Office Hours: appointment by email
News

  • The first meeting of the Intensive Computation course will be on Wednesday, 24 February 2021
  • For in-person attendance, you should book an attendance spot through Prodigit, filling the form at the link: https://prodigit.uniroma1.it/
  • To get information on the lessons in streaming, access the course material and receive notices, you must register on Classroom for the w5ftylh course using your Sapienza email address (surname.matricola@studentiNOSPAM.uniroma1.it).

  • Lessons are scheduled for:
    • Wednesday (11:00 am - 13.00 am)
    • Friday (10:00 am - 13.00 am)
    • in Room G0, Palazzina G (Building G) Regina Elena

Aim of the course

The aim of the course is to provide students with methodologies for the solution of problems requiring intensive computation, in particular scientific problems.
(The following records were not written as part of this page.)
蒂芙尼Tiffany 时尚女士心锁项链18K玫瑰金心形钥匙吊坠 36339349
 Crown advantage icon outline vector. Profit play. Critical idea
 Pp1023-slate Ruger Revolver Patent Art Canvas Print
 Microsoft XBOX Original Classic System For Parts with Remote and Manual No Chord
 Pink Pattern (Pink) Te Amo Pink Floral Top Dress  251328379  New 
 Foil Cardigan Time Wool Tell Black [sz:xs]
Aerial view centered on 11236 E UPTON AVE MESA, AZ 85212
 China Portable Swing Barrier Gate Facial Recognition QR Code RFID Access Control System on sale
Topics covered in this course include:

  • Introduction to Matlab
  • Concepts and methods: sparse matrices, eigenvalues and eigenvectors, linear algebras methods, etc.
  • Errors and simulations
  • Problems like Molecular Dynamics, Graph connectivity, Global search algorithms, etc.
  • Advanced topics on architectures and arithmetic operations
  • Introduction to GPU architecture and programming
  • Performance measures

Lectures 2020-2021

Lecture 1, February 24th, 2021 Introduction to the course. Lecture 1 - Introduction

Lecture 2, February 26th, 2021 Introduction to Matlab - Part 1 - Lecture 2 - Matlab
Laboratory, February 26th, 2021 Laboratory: Introductory exercises - Part 1

Lecture 3, March 3rd, 2021 Introduction to Matlab - Part 2 - Lecture 3 - Matlab
Laboratory, March 3rd, 2021 Laboratory: Introductory exercises - Part 2

Lecture 4, March 5th, 2021 Sparse matrices: definitions and motivation of compact formats. Compact storage methods for sparse matrix: Coordinate, Skyline, Compact Sparse Row CSR, Compact Sparse Column CSC, Modified Sparse Row MSR. Lecture 4 - SparseMatrices.pdf

  • Appendix of book Solving Numerical PDEs: Problems, Applications, Exercises - Formaggia, Saleri, Veneziani - 2012 - read pp. 395-409

Lecture 5, March 10th, 2021 Exercises on Sparse matrices.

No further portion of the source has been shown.